Of the original three “Karate Kid” movies, 1989’s “The Karate Kid Part III” is unarguably the weakest link.
Screenwriter Robert Mark Kamen, whose “Taken 2” is currently riding atop of the box-office charts, tells Crave Online that he doesn’t have much time for that ill-fated second sequel, if only because it’s not the one he originally wanted to write.
Kamen says the “Karate Kid Part III” he originally pitched would’ve been a prequel, centering on Miyagi’s ‘flying’ ancestors in 19th Century China. While Ralph Macchio and Pat Morita would’ve still be involved, a female lead (an idea the producers would later borrow for “The Next Karate Kid”, which starred Hilary Swank) would’ve carried the picture.
Unfortunately, the non-courageous, and seemingly unimaginative crew at Sony at the time wanted ‘more of the same’ as opposed to something radically different, and Kamen’s initial idea was tossed out.
Here’s part of the interview with Kamen :
Was it then harder to make Karate Kid Part III a continuation?
Well, the truth will now be told. I turned down doing Karate Kid III because I wanted to do something different. I wanted to have them flashback to 16th century China and do a historical flying people movie. I wanted to do a Hong Kong Kung Fu movie. That’s what I wanted to do. Guy McElwaine, rest his soul, refused to do it. He wouldn’t do it. Jerry [Weintraub] wouldn’t do it. They didn’t want to mess with the franchise and I felt very strongly that doing the same story all over again was f***ing boring so I didn’t do it and they hired somebody else to do a draft. Somebody else could not write Mr. Miyagi and Daniel, couldn’t write them. So Dawn Steel took over the studio from Guy McElwaine and she was a good friend of mine. She said, “How much would it take for you to do what they want to do?” I was very flippant and I threw a number out and she said okay. I didn’t really want to do that one but I ended up doing it because first of all, they appealed to me. They said, “What, do you want somebody to f*ck up Mr. Miyagi? Because we’re going to make the film.” And I said, “Okay, I’ll do it” but I wouldn’t do the fourth one, the one with the girl with Hilary Swank.
I actually quite like The Next Karate Kid because I thought doing a Karate Kid with a girl, but you never thought about going in that direction?
I didn’t want to do it. I had had it by then. There were no more lessons to be learned. If it was going to be with a girl, it had to be completely, completely different. I would have done it if they would have done my Kung Fu sequel. If they would have done my flying people movie I would have done it but they didn’t want to do that. So I didn’t. I wanted to do the third one with a girl and get rid of Daniel, but they didn’t want to do that. Enough already. I was so tired of The Karate Kid. There’s only so many things Mr. Miyagi can say that sound great.

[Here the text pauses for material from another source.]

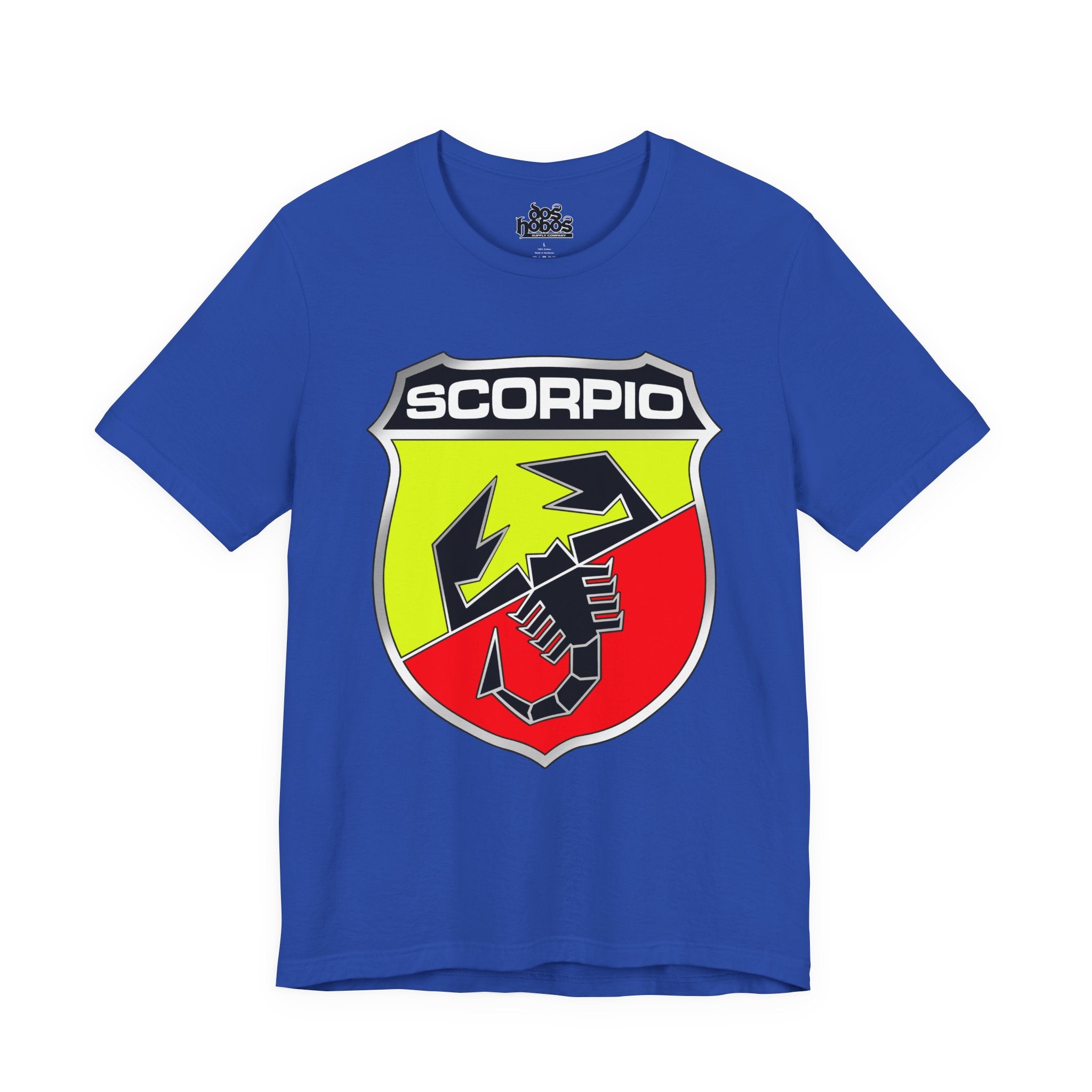 Scorpio (E) Fiat Abarth Edition Unisex Soft Tshirt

It’s funny, Karate was so huge in the ‘80s and now they had to change it to Kung Fu, and they were even going to call it The Kung Fu Kid but they ultimately had to stick with your original title, even for the remake.
Yeah, they did. Taking it to China was smart but it was also a total rip-off of what I wanted to do. That’s what I wanted to do. I wanted them to go to 16th century China and be involved in a flying people movie.
How would you have done that with Japanese Karate and Mr. Miyagi?
Well, he wasn’t Japanese. He was Okinawan and originally Okinawan Karate came from China. And it came from China by Okinawan fisherman going there and by Chinese traders coming to Okinawa to work. The real Mr. Miyagi, Chojun Miyagi, founder of my style of Karate was from Chinese ancestry. My weapons teacher in Okinawa was of Chinese ancestry and a lot of Okinawan people are very proud that they come from Chinese people and especially the martial arts community. A lot of the guys who were founders of martial arts styles in Okinawa, it came from Chinese martial arts and they just adapted it. So it was very easy to reverse it. As Mr. Miyagi tells Daniel in the first movie, he said the first Miyagi was a fisherman, he got drunk and he fell asleep and his boat drifted to China and he spent 10 years there and learned Karate. When he came back, he knew Karate. I was going to tell the saga in reverse. Daniel and Mr. Miyagi are in a boat. It all happens when Daniel gets hit on the head and he has a dream. He’s in a coma or something and they see a boat in the mist. It docks and Mr. Miyagi and Daniel follow the first Miyagi ancestor into China and then they get involved in this thing. It would’ve been really cool but nobody wanted to do it.
That’s a fascinating “what if.” And in the last few years, they would have done that.
Yes, they would have and CGI and flying people. I predated wanting to do it because I grew up on these Kung Fu movies in the ‘70s in Chinatown, New York. I predated all this stuff by 15 years by the time they got around to doing The Matrix and Crouching Tiger. I had wanted to do that in 1986.
In the same interview, Kamen says his “Bloodsport” remake isn’t so much a remake as it is simply a film bearing the same title. As such, it won’t feature a Jean-Claude Van Damme cameo.